The two cases we present demonstrate that PARP inhibition can result in dramatic responses in patients with homologous recombination DNA repair aberrations beyond germline BRCA. Patient A had a pathogenic gPALB2 mutation with an additional somatic mutation likely representing biallelic inactivation, and patient B had sBRCA2 and sPIK3CA mutations. Like BRCA1/2, the PALB2 gene is involved in HR DNA repair, and PALB2 mutations are associated with an increased risk of breast cancer and reduced survival [15, 16]. Patients with PALB2 mutations may also benefit from treatment with PARPi’s [8, 17,18,19]. TBCRC048 is currently one of the only prospective trials demonstrating response to olaparib in patients with breast cancer and sBRCA1/2 mutations and gPALB2 mutations [8]. Another single institution phase II trial that investigated the PARPi talazoparib in patients with advanced HER2/neu-negative breast cancer and HR pathway gene mutations found that all five patients with a gPALB2 mutation experienced reduction in target lesions and that three patients achieved a RECIST response [18]. A follow-up study to this phase II trial, focused on evaluating the ORR of talazoparib monotherapy specifically in patients with g/sPALB2 mutation-associated advanced breast cancer, is currently ongoing [20]. A retrospective, real-world analysis of the Flatiron Health-Foundation Medicine Clinico-Genomic Database also demonstrated benefit with olaparib in four patients with gPALB2 mutations and nine patients with sBRCA mutations [21].

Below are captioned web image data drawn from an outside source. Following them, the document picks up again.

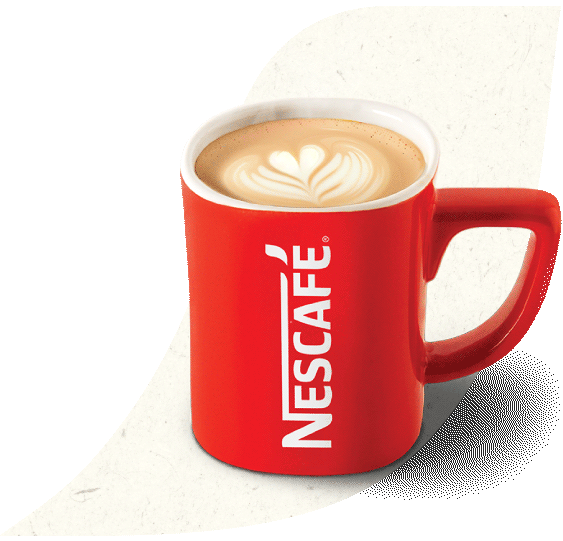 Una taza de caramel latte hecho con Nescafé con un corazón diseñado en su espuma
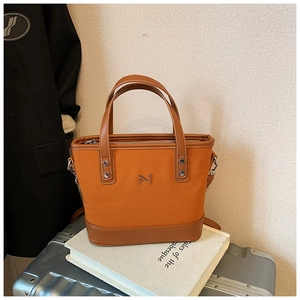 Close-up of the orange-brown tote bag featuring silver M-logo and leather拼接 details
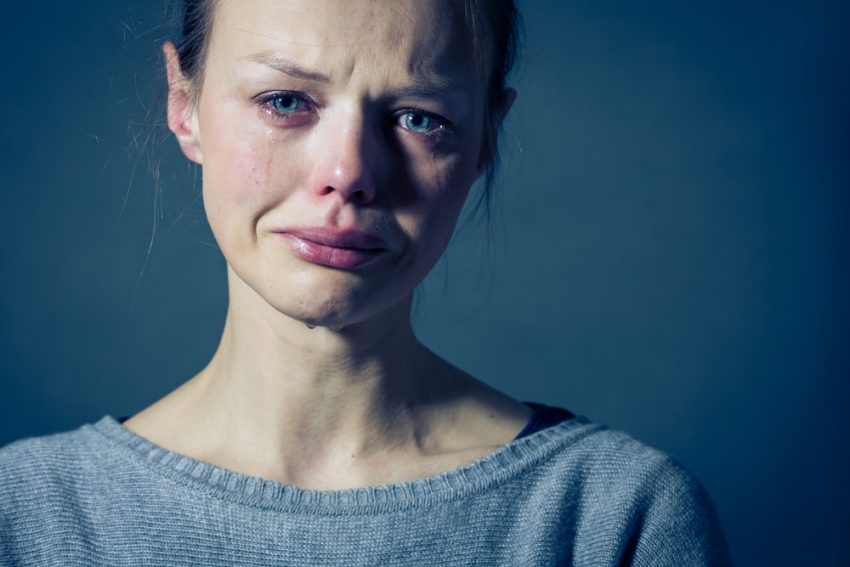 Woman crying.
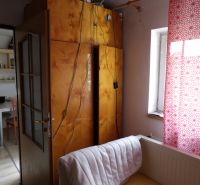 Ein Zimmer in einer Zweizimmerwohnung mit offenen Türen, einem Schrank und einem Vorhang mit rotem Muster.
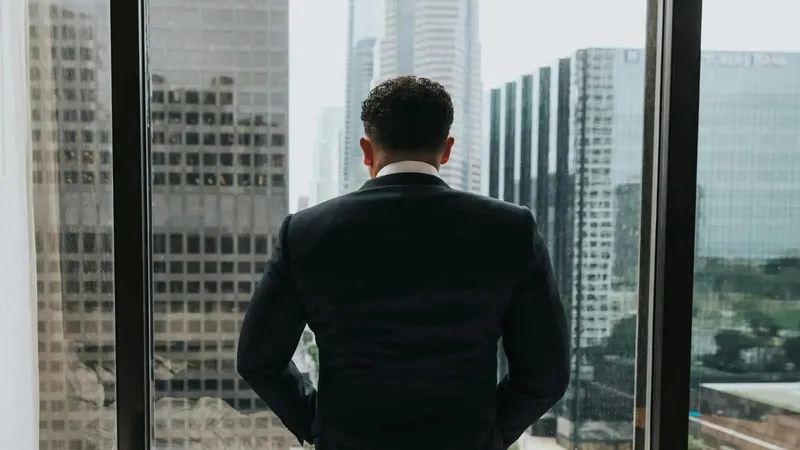 Corporate professional looking out the window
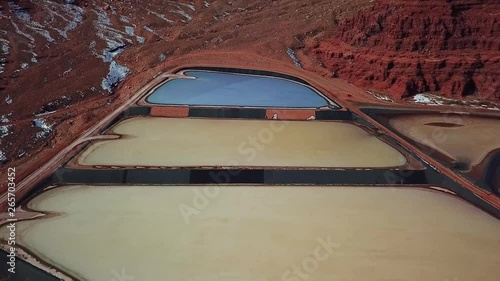 Aerial, reverse, drone shot, tilting up above colorful tailing ponds for mineral waste in rural Utah mines, United States of America photo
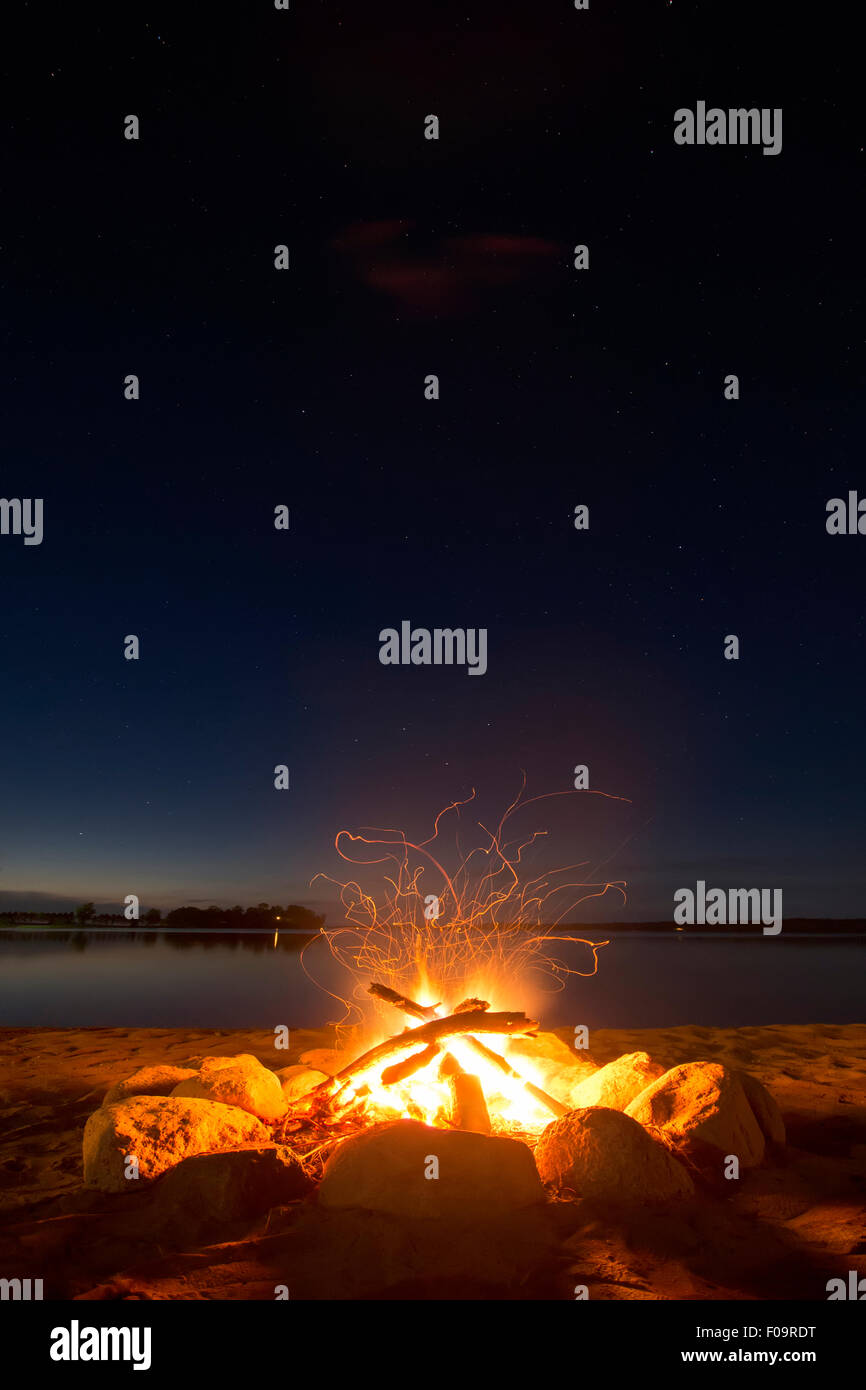 Funkenbildung Lagerfeuer am See unter dem Sternenhimmel.  Leichtes Glühen vom Sonnenuntergang am Horizont. Stockfoto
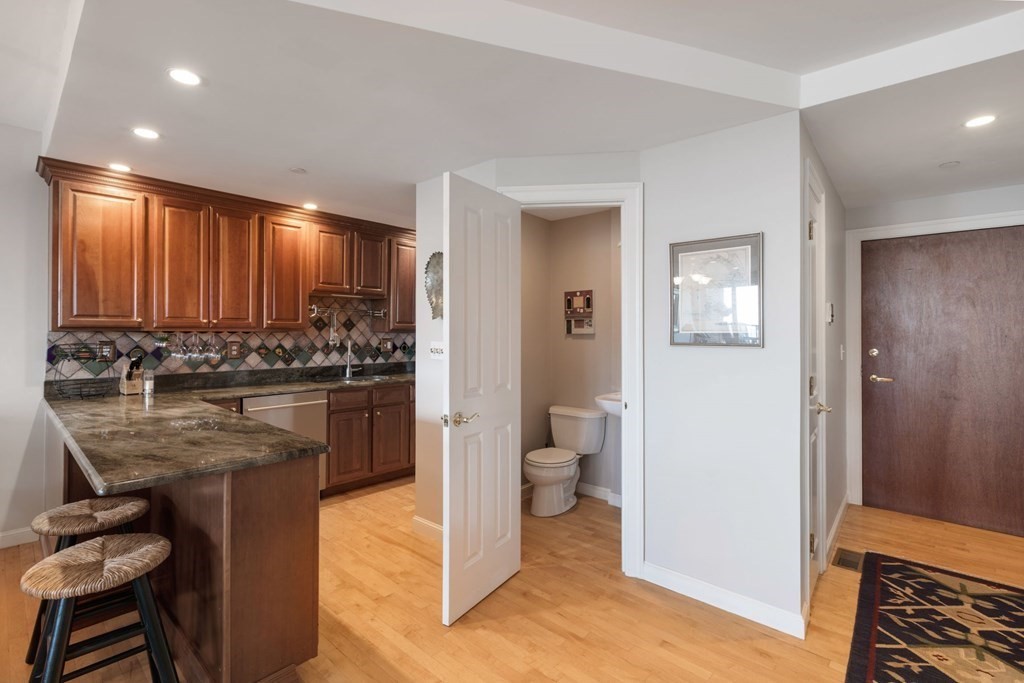 220 Commercial Street, Unit 5A Boston, MA 02109 - Photo 9 of 40 a bathroom with a sink a toilet and shower
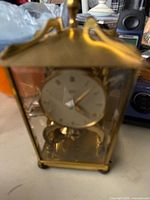Front view of brass glass anniversary clock
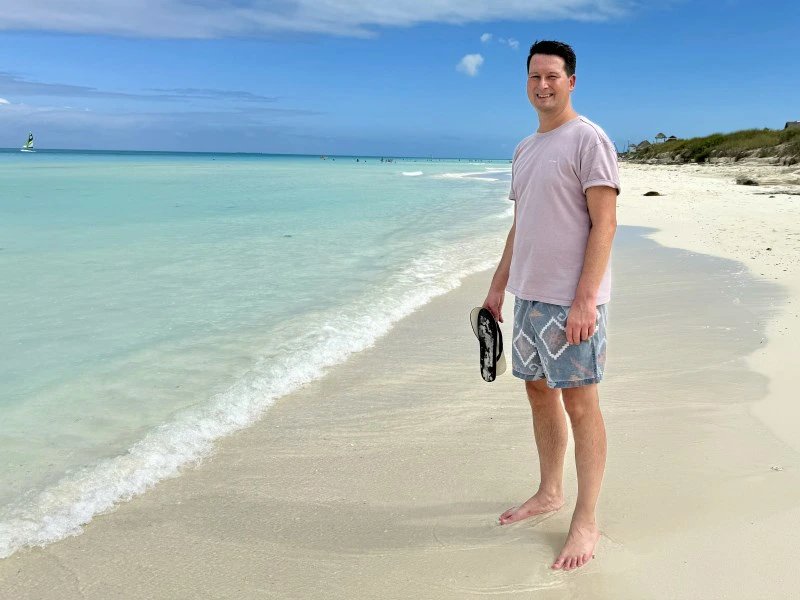 Lächelnder Mann steht barfuß am weißen Sandstrand mit türkisfarbenem Meer und Flip-Flops in der Hand in Tulum, Mexiko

TBCRC048 required participants to have an ECOG PS of 0–1 and adequate organ function, while the talazoparib trials required an ECOG PS of 0–2 [8]. Furthermore, the pharmacokinetics of olaparib have only been studied with mild and moderate hepatic impairment [22]. In our report, Patient A was treated with olaparib for 9 months, despite her initial PS of 3–4 and evidence of hepatic failure. Although Patient B had an initial PS of 3–4, multiple comorbidities, and poor prognosis, he responded to olaparib for 1 year. Despite the poor performance status of these two patients at the time of treatment initiation, both tolerated olaparib well with limited side effects and demonstrated improvement in performance status with treatment response. These cases illustrate the therapeutic potential in targeting beyond gBRCA1/2 mutations using PARPi’s, despite clinically critical situations. Future research is also needed to identify other patient populations that may benefit from PARPi, but also in overcoming PARPi resistance, and developing optimal combination strategies.

Conclusion

Patients with a poor ECOG PS that is being driven by their cancer burden still have the potential to have meaningful clinical responses to cancer treatments targeting oncogenic drivers, such as using PARPi’s to target gPALB2 and g/sBRCA mutations. Clinical trials have supported the efficacy of PARP inhibition in treating patients with g/sBRCA1/2 and gPALB2 mutations and a PS of 0–2. We have described two cases of patients with a PS of 3–4 and significant visceral disease who demonstrated remarkable clinical responses to treatment with PARPi’s. While not all patients in such oncologic crisis may benefit from PARPi’s, more studies evaluating PARPi’s beyond gBRCA1/2 mutations and in sub-optimal PS would help identify patients who may benefit from these therapies.